Apple, IT and the Specter of Sweatshop Labor
Jan 31, 2008 4:00 AM PT
In 2006, iPod users -- not to mention Apple shareholders -- were stunned to hear news accounts that workers at a Chinese factory that manufactured the devices were being subjected to abusive living and working conditions.
In reality, Apple customers -- or the shareholders at least -- had little to worry about. For all the publicity that activists have been able to throw at companies such as Nike for overseas labor violations, in truth they have had very little affect on any one company's bottom line, said George T. Haley, a professor of industrial marketing at the University of New Haven and currently the director of the Center for International Industry Competitiveness.
"There will always be a part of the market that will respond to notice of sweatshops being used," he told MacNewsWorld. "But outside of that small constituency, they are hardly ever affected in the long run." Even Nike withstood a concerted campaign against it, albeit it had to spend a lot of money to do so, he acknowledged.
Apple's customers, though, are a different breed. To many of them the company's corporate image is almost as important as its product design.
What followed those news stories in summer of 2006 is a textbook example of how to not only defuse a potentially disastrous PR crisis but also how to enforce standards on contractors and subcontractors in far flung locations.
Apple dispatched an audit team comprised of members from its human resources, legal and operations groups to carry out an investigation of the conditions at the manufacturing site. "The team interviewed over 100 randomly selected employees representing a cross-section of line workers (83 percent), supervisors (9 percent), executives (5 percent), and other support personnel (3 percent) including security guards and custodians," according to Apple.
"They visited and inspected factory floors, dormitories, dining halls and recreation areas. The team also reviewed thousands of documents including personnel files, payroll data, time cards and security logs."
Apple's conclusions: It found the supplier to be in compliance in the majority of the areas audited.
However, Apple did find violations to its Code of Conduct that it established the year before. It has since been working with the supplier to improve those areas, the company said.
In some respects, Apple had it easy. For starters, it view a model of what not to do by observing previous generations of companies who had fumbled such accusations. Even if activists' tactics don't hurt a company's bottom line directly, getting into a protracted standoff and being painted as a company that profits from exploited workers is something any rational firm wants to avoid.
It also makes intuitive business sense to investigate the accusations. "It's just not smart business," Haley said. "A sweatshop isn't going to turn out good, quality products. The people are working too many hours, they are not trained and so on."
Also in its favor is the fact that Apple is, well, Apple. "Most companies by now know to include clauses in contracts that forbid certain activities or that forbid a contractor from subcontracting out to another firm," he noted. In emerging markets, however, foreign-based companies often find the contracts hold little sway. The only club worth using, Haley said, is the threat to walk away if changes aren't made. To do that, obviously, one has to be a client the supplier doesn't want to lose.
For these reasons, he added, Apple's experience is not all that unusual -- except perhaps for the part where it was able to implement changes.
Sweatshops in the IT Supply Chain
Sweatshop labor may have been a popular cause in the 1990s, but activists agree they are still very much part of the supply chain landscape. That said, the IT industry has made good strides in the last few years identifying where the problems are in their own operations and taking measures to address them, David Viederman, executive director of Verité, an independent nonprofit organization monitoring international labor rights abuses in offshore production sites, told MacNewsWorld.
"As the electronics industry has looked more carefully in its supply chain, it has found problems," he noted. A few years ago, three IT firms developed the Electronics Industry Code of Conduct, a common code of standards expected in suppliers. Since then, he noted, membership has grown rapidly.
"The industry as a whole is moving toward a best-practice approach, but that best-practice approach is not yet adopted by each company individually," Viederman noted.

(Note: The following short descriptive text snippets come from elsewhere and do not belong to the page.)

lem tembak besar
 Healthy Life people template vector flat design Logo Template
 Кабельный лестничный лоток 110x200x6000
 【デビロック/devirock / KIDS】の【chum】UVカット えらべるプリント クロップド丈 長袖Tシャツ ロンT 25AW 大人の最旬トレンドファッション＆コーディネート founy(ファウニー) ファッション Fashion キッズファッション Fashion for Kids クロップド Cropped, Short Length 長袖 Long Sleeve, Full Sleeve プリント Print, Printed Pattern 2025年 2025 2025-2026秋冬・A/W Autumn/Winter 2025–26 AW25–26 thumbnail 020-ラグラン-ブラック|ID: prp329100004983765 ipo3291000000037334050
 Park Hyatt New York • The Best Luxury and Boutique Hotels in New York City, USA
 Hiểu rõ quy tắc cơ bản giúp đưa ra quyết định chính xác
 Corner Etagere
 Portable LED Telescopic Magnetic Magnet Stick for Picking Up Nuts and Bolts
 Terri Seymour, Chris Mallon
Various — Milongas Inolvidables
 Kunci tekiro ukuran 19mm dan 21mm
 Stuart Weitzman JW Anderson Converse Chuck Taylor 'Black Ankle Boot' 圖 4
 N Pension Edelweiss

"In general, IT companies that are sourcing around the world face many of the same challenges that other industries do. All companies, regardless of industry, have to work to find leverage to change the practices of their suppliers. They are often up against entrenched business cultures that don't value working conditions as much as they value other business factors."
None of this is to say that activists' work in the area has been without purpose. Without a doubt, shining a spotlight on abuses has spurred companies to make changes in their supplier relationships. Some activists, though, mourn the complacency that seems to have "settled" this issue as well as the perceived decline of consumers' enthusiasm to boycott a firm for ethical reasons.
Technology, ironically, may change this stalemate.
"We are at the brink of an interesting intersection of IT and the use of sweatshop labor," Dennis Greenia, publications director for Co-op America, told MacNewsWorld. "Some conversations have been had" among NGOs (non-governmental organizations) and nonprofits about using bar code and RFID (radio frequency identification) technology to track sourcing data of a product, he said. With a full accounting of a product's pedigree made available, consumers themselves can decide if they want to spend money on that product.
"In the long term, I think we will see new technologies used far more extensively to promote social justice," he predicted.